Aileniz şimdi ne diyor oyuncu olmanıza?

Çok mutlular. Daha fazla gurur duyamazlardı herhâlde benim­le. “Keşke çok karşına çıkmasaydık, biliyorduk senin çok yete­nekli olduğunu,” falan, böyle tatlı tatlı şeyler söylüyorlar.

Bedenle, dansla ilişkiniz nasıl?

Severim. Ama şimdi üniversitedeki dans hocalarım bunu okurken ağlayacaklar. Çok iyi değildim hareket derslerinde. Öyle çok iyi bir kondisyonum yoktu. Ama bir oyuncunun beden ilişkisini çok önemli buluyorum. Sahnedeki duruşunun, bedensel olarak karakterlerle kurduğun ilişkinin kaçırılmaması gereken temellerden biri olduğunu düşünüyorum. O yüzden de zamanında çok iyi bir öğrenci olmamış olsam da hareket derslerinde çok şey öğrendim. Oyunculuğun böyle bir katmanının olduğunu bazen insan çok hızlı çalışırken kaçırabiliyor. Ama bir durup bedensel olarak da karaktere yaklaşıyor olmak önemli bir şey. O yüzden iyi ki okumuşum diyorum.

Şu an bir şey yapıyor musunuz? Yoga, pilates, dans...

Pilates yapıyorum. Yogayı rahatlamak için yapıyorum, çok üst seviyelerde değil. Dans da evde freestyle dansımı yapıyorum. Öyle şu dansı yapıyorum gibi değil de dans etmeyi ve bedenimi kullanmayı severim, o birazcık esnememdir de benim. Müzik dinlemeyi severim çünkü. Yemek yaparken de dans ederim, hareket ederim. O günlük rutinimin bir parçasıdır.

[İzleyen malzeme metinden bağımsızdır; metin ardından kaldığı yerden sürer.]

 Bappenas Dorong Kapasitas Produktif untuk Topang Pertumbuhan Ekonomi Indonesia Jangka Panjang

Piyano gibi ukulele gibi müzik aletlerine ilginiz varmış.

Ben müzik aletleri konusunda çok maymun iştahlıyım. Buraya bir müzik aleti koysanız 48 saat onunla ilgilenebilirim aralık­sız. Çok başarılı olduğumu söyleyemem ama müzik aletlerini keşfetmeyi seviyorum.

Bu ikisini çalıyor musunuz peki biraz?

Ukuleleyi çalıyorum, zaten çok basit bir enstrüman. Piyanoyu da ortalama bir seviyede çalıyordum. Ama “Aşk 101” ile bir­likte ders aldım, birazcık geliştirdim. Orada çoğunu kendim çaldım. Ama bazıları o kadar zor parçalardı ki yanına bile yak­laşamadım yani. El dublöründen destek aldım.

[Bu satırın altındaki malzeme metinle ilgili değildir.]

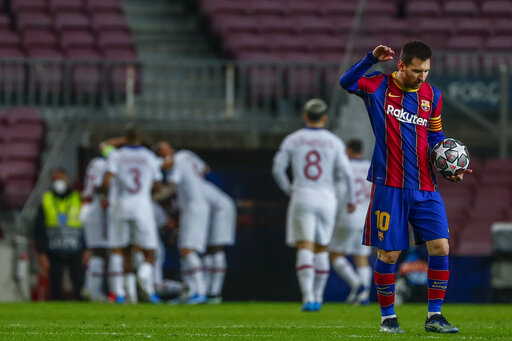 Big loss to PSG a reality check for Barcelona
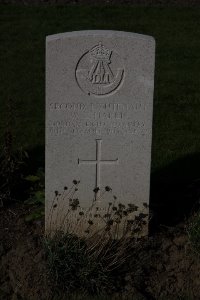 Lijssenthoek Military Cemetery - Harris, William Edward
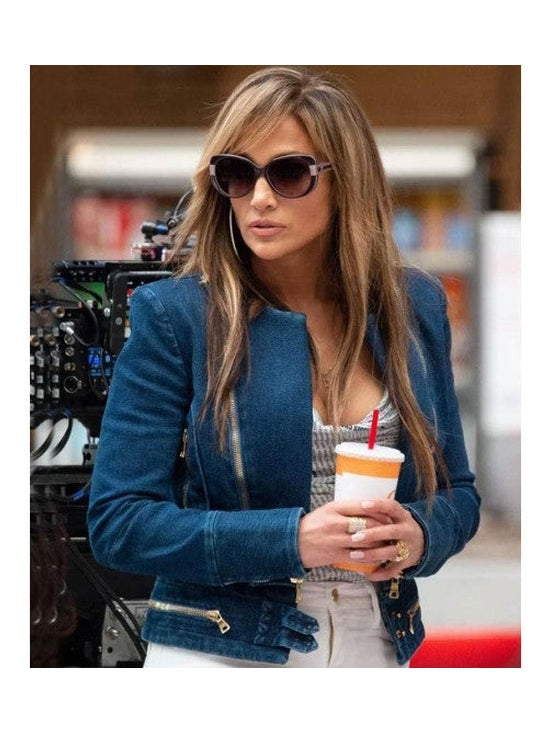 Jennifer Lopez Hustlers Jacket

“Aşk 101”deki karakteriniz Elif âşık olduğu çocuğu bırak­tı, Viyana’ya gitti. Sizce nasıl bir seçim yapılır böyle bir noktada?

Kariyer seçmek de fena değil tabii ki. Ama sonra yıllarca bir­birlerini aramıyorlar, sormuyorlar, o fena. Hem kariyer seçip hem de mesafeli ilişki sürdürülebilir diye kendi hayatıma da gönderme yapıyorum.

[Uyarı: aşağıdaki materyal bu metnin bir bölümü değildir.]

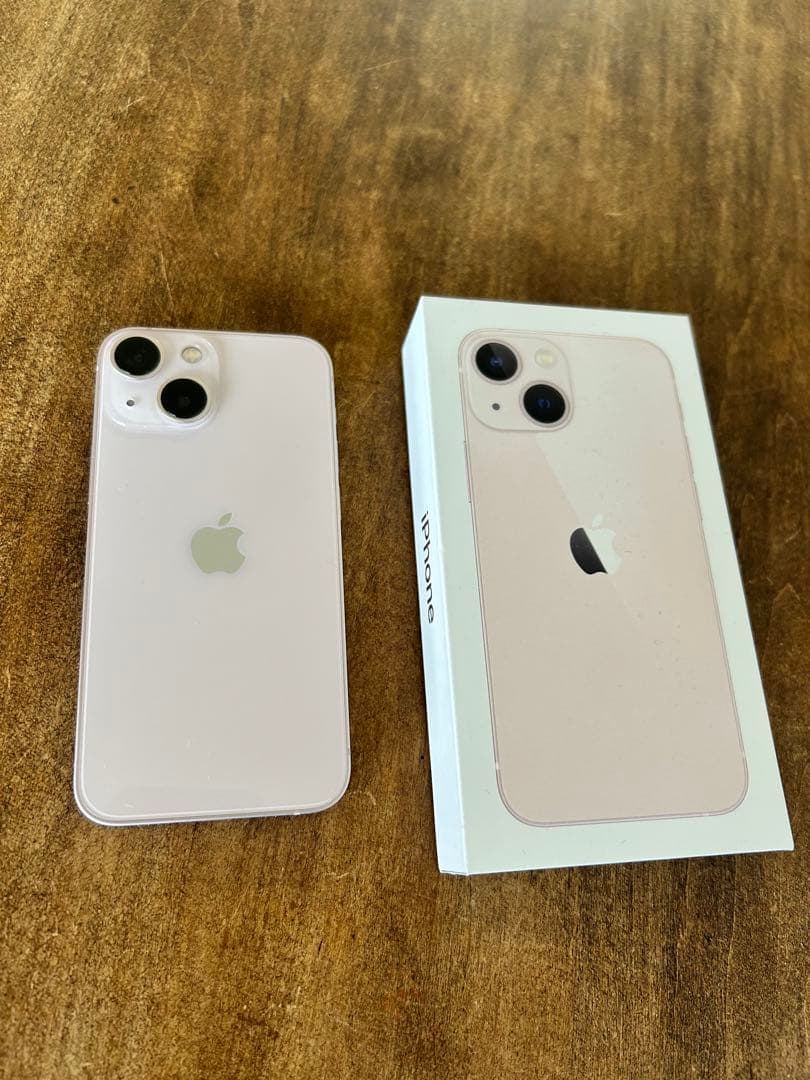 iPhone 13 mini pink 128GB SIMフリー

Komedi izlemeyi seviyormuşsunuz. Oynamak da ister misiniz?

Komedi hiç oynamadım. Çok isterim. Bir yandan çok da korkarım. Çok ince bir çizgisi vardır komedinin ama denemek çok istediğim bir şey olur. Kaliteli komediye bayılırım. Çok sevdiğim ve çok saygı duyduğum bir şeydir.

Nelere gülüyorsunuz?

En son “Gibi”ye çok gülüyorum herkes gibi. Son dönemlerde Türkiye’de yapılmış bayağı iyi işlerden biri.

Bir de süper kahraman oynamak istiyormuşsunuz diye gördüm.

Ben yeni şeyler istiyorum hep. Süper kahraman hiç oynamadım. Acaba nasıl bir şey olurdu merak ederim. Komedi hiç oynamadım, onu da çok tecrübe etmek isterim. Öyle. Bana hep yeni olsun, yeni şeyler gelsin, aynı şeyi tekrar etmeyeyim, yeterli aslında.